Scan the records below for the string "Pink" and return every line where it appears.

Crawled caption data
——————
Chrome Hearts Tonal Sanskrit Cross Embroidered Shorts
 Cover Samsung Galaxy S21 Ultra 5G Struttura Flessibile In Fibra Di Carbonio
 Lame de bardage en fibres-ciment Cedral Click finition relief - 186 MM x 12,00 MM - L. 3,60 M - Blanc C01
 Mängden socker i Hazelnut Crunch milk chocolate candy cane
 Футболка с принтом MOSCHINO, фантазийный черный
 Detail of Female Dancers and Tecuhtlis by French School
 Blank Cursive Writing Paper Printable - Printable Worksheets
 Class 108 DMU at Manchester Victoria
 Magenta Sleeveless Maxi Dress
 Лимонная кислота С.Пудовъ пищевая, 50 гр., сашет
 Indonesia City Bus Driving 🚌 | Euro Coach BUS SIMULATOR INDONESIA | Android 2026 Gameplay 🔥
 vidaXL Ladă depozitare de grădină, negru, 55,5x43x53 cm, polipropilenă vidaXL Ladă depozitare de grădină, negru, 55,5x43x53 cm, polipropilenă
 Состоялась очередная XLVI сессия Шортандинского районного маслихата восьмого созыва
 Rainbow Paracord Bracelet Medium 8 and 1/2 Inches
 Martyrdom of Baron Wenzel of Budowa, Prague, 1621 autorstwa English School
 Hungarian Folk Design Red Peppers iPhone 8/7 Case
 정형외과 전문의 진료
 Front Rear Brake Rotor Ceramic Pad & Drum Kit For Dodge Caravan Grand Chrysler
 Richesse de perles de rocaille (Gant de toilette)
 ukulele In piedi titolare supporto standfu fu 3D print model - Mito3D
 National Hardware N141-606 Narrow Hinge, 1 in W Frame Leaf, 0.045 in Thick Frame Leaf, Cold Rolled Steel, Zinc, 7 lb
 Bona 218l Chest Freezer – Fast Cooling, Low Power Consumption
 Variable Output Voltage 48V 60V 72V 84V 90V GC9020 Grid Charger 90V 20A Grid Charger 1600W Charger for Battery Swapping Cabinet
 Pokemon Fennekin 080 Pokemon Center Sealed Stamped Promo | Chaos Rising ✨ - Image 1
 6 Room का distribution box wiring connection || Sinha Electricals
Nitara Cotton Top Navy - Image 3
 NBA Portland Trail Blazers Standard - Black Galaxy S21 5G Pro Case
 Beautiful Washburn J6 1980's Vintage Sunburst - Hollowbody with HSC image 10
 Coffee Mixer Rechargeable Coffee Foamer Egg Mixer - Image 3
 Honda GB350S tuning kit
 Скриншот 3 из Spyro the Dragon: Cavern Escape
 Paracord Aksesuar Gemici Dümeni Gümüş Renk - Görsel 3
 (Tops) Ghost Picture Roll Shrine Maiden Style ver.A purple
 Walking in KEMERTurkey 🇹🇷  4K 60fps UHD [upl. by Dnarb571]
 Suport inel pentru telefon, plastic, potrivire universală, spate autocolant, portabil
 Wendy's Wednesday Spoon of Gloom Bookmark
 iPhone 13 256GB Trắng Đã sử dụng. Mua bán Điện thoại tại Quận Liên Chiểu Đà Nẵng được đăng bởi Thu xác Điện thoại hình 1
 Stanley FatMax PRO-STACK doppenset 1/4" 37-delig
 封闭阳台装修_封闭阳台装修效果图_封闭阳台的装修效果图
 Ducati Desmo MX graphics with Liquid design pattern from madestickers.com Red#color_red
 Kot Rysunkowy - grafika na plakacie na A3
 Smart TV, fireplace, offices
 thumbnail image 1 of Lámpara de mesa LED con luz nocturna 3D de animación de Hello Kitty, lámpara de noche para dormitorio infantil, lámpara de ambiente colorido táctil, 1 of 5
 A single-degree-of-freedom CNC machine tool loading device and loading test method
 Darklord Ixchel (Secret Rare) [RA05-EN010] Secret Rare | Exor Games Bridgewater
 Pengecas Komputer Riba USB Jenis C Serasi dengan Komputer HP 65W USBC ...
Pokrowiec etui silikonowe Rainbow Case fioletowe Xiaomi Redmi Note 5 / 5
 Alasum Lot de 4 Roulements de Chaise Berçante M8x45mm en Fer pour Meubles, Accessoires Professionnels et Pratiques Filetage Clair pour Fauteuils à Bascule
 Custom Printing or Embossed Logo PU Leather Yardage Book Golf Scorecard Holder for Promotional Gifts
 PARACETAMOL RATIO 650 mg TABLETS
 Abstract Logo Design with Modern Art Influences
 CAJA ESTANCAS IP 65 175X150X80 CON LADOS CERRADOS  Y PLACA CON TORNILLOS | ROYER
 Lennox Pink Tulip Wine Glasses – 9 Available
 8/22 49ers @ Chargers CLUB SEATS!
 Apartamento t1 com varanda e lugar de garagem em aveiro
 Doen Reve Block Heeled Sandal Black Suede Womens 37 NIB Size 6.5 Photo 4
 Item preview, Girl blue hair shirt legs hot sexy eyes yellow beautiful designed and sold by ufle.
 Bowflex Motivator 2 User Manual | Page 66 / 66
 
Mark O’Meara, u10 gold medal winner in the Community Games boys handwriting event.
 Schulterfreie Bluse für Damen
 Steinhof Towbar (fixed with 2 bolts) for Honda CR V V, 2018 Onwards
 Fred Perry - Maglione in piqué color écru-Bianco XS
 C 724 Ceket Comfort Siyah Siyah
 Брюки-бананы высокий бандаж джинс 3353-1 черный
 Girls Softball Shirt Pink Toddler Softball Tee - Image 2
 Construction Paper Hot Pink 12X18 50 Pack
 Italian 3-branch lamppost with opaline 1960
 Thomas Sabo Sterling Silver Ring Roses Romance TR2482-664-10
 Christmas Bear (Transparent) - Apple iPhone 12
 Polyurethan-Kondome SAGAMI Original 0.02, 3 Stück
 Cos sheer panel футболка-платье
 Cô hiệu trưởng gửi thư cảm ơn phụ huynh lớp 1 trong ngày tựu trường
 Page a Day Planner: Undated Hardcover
——————
Solution to this exercise:
 Lennox Pink Tulip Wine Glasses – 9 Available
 Girls Softball Shirt Pink Toddler Softball Tee - Image 2
 Construction Paper Hot Pink 12X18 50 Pack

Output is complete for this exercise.